**EXERCISE PROMPT:** Set each entry down exactly as written.

(Brief descriptive captions)
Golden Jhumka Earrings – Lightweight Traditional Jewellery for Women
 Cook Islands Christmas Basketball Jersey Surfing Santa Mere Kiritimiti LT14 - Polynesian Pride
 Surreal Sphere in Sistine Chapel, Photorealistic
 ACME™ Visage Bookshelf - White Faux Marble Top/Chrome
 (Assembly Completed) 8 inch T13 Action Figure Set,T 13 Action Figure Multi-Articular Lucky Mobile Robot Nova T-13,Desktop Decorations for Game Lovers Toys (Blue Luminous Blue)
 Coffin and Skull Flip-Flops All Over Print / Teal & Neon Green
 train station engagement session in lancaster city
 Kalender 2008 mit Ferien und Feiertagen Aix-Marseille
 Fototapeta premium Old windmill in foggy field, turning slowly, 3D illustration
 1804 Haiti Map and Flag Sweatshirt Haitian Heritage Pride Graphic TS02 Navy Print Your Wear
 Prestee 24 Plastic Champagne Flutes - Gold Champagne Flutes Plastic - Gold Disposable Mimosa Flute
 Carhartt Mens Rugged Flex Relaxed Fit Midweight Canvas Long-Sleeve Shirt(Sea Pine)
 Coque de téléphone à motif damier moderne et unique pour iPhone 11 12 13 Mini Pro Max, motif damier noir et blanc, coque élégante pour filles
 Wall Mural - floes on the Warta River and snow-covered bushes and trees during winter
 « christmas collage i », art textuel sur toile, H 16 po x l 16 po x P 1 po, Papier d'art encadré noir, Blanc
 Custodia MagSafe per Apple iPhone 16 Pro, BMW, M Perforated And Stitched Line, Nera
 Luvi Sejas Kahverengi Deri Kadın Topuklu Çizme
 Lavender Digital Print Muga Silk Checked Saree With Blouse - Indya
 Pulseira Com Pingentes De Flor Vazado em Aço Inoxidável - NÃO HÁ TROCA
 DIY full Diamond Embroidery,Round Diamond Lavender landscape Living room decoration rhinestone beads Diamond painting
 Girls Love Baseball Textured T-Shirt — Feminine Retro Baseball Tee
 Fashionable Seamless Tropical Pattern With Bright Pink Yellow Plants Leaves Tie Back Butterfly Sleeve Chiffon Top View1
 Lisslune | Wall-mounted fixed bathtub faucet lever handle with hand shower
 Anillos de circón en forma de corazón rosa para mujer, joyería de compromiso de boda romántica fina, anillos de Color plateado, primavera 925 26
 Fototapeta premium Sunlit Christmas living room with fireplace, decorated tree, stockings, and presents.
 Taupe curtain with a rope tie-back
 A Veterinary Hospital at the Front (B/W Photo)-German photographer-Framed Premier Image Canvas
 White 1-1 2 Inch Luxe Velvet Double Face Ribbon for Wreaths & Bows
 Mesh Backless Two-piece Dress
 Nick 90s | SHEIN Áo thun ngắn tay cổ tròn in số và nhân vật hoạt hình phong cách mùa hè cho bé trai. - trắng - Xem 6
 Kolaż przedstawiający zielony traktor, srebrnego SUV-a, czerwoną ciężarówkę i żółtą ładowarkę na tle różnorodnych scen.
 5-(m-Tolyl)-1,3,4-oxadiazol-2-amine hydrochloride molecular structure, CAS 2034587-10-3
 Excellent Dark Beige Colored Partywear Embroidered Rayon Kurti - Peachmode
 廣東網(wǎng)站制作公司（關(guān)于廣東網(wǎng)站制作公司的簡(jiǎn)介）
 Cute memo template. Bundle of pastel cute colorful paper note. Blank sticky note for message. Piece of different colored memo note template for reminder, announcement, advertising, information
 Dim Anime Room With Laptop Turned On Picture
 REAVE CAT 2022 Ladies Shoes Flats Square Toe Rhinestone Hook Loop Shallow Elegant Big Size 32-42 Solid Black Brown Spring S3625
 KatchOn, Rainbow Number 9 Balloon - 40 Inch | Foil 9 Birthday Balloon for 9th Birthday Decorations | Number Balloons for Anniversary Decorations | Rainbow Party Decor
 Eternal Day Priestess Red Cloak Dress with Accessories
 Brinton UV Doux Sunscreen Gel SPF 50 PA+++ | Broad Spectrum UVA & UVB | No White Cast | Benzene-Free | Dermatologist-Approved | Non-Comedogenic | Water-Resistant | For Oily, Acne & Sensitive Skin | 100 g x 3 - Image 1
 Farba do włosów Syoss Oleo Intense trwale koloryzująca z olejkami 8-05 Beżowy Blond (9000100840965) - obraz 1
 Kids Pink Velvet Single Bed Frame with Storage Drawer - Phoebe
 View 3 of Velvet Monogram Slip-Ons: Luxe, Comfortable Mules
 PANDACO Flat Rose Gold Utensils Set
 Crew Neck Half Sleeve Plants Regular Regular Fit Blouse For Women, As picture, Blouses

**ANSWER SPACE:**
Golden Jhumka Earrings – Lightweight Traditional Jewellery for Women
 Cook Islands Christmas Basketball Jersey Surfing Santa Mere Kiritimiti LT14 - Polynesian Pride
 Surreal Sphere in Sistine Chapel, Photorealistic
 ACME™ Visage Bookshelf - White Faux Marble Top/Chrome
 (Assembly Completed) 8 inch T13 Action Figure Set,T 13 Action Figure Multi-Articular Lucky Mobile Robot Nova T-13,Desktop Decorations for Game Lovers Toys (Blue Luminous Blue)
 Coffin and Skull Flip-Flops All Over Print / Teal & Neon Green
 train station engagement session in lancaster city
 Kalender 2008 mit Ferien und Feiertagen Aix-Marseille
 Fototapeta premium Old windmill in foggy field, turning slowly, 3D illustration
 1804 Haiti Map and Flag Sweatshirt Haitian Heritage Pride Graphic TS02 Navy Print Your Wear
 Prestee 24 Plastic Champagne Flutes - Gold Champagne Flutes Plastic - Gold Disposable Mimosa Flute
 Carhartt Mens Rugged Flex Relaxed Fit Midweight Canvas Long-Sleeve Shirt(Sea Pine)
 Coque de téléphone à motif damier moderne et unique pour iPhone 11 12 13 Mini Pro Max, motif damier noir et blanc, coque élégante pour filles
 Wall Mural - floes on the Warta River and snow-covered bushes and trees during winter
 « christmas collage i », art textuel sur toile, H 16 po x l 16 po x P 1 po, Papier d'art encadré noir, Blanc
 Custodia MagSafe per Apple iPhone 16 Pro, BMW, M Perforated And Stitched Line, Nera
 Luvi Sejas Kahverengi Deri Kadın Topuklu Çizme
 Lavender Digital Print Muga Silk Checked Saree With Blouse - Indya
 Pulseira Com Pingentes De Flor Vazado em Aço Inoxidável - NÃO HÁ TROCA
 DIY full Diamond Embroidery,Round Diamond Lavender landscape Living room decoration rhinestone beads Diamond painting
 Girls Love Baseball Textured T-Shirt — Feminine Retro Baseball Tee
 Fashionable Seamless Tropical Pattern With Bright Pink Yellow Plants Leaves Tie Back Butterfly Sleeve Chiffon Top View1
 Lisslune | Wall-mounted fixed bathtub faucet lever handle with hand shower
 Anillos de circón en forma de corazón rosa para mujer, joyería de compromiso de boda romántica fina, anillos de Color plateado, primavera 925 26
 Fototapeta premium Sunlit Christmas living room with fireplace, decorated tree, stockings, and presents.
 Taupe curtain with a rope tie-back
 A Veterinary Hospital at the Front (B/W Photo)-German photographer-Framed Premier Image Canvas
 White 1-1 2 Inch Luxe Velvet Double Face Ribbon for Wreaths & Bows
 Mesh Backless Two-piece Dress
 Nick 90s | SHEIN Áo thun ngắn tay cổ tròn in số và nhân vật hoạt hình phong cách mùa hè cho bé trai. - trắng - Xem 6
 Kolaż przedstawiający zielony traktor, srebrnego SUV-a, czerwoną ciężarówkę i żółtą ładowarkę na tle różnorodnych scen.
 5-(m-Tolyl)-1,3,4-oxadiazol-2-amine hydrochloride molecular structure, CAS 2034587-10-3
 Excellent Dark Beige Colored Partywear Embroidered Rayon Kurti - Peachmode
 廣東網(wǎng)站制作公司（關(guān)于廣東網(wǎng)站制作公司的簡(jiǎn)介）
 Cute memo template. Bundle of pastel cute colorful paper note. Blank sticky note for message. Piece of different colored memo note template for reminder, announcement, advertising, information
 Dim Anime Room With Laptop Turned On Picture
 REAVE CAT 2022 Ladies Shoes Flats Square Toe Rhinestone Hook Loop Shallow Elegant Big Size 32-42 Solid Black Brown Spring S3625
 KatchOn, Rainbow Number 9 Balloon - 40 Inch | Foil 9 Birthday Balloon for 9th Birthday Decorations | Number Balloons for Anniversary Decorations | Rainbow Party Decor
 Eternal Day Priestess Red Cloak Dress with Accessories
 Brinton UV Doux Sunscreen Gel SPF 50 PA+++ | Broad Spectrum UVA & UVB | No White Cast | Benzene-Free | Dermatologist-Approved | Non-Comedogenic | Water-Resistant | For Oily, Acne & Sensitive Skin | 100 g x 3 - Image 1
 Farba do włosów Syoss Oleo Intense trwale koloryzująca z olejkami 8-05 Beżowy Blond (9000100840965) - obraz 1
 Kids Pink Velvet Single Bed Frame with Storage Drawer - Phoebe
 View 3 of Velvet Monogram Slip-Ons: Luxe, Comfortable Mules
 PANDACO Flat Rose Gold Utensils Set
 Crew Neck Half Sleeve Plants Regular Regular Fit Blouse For Women, As picture, Blouses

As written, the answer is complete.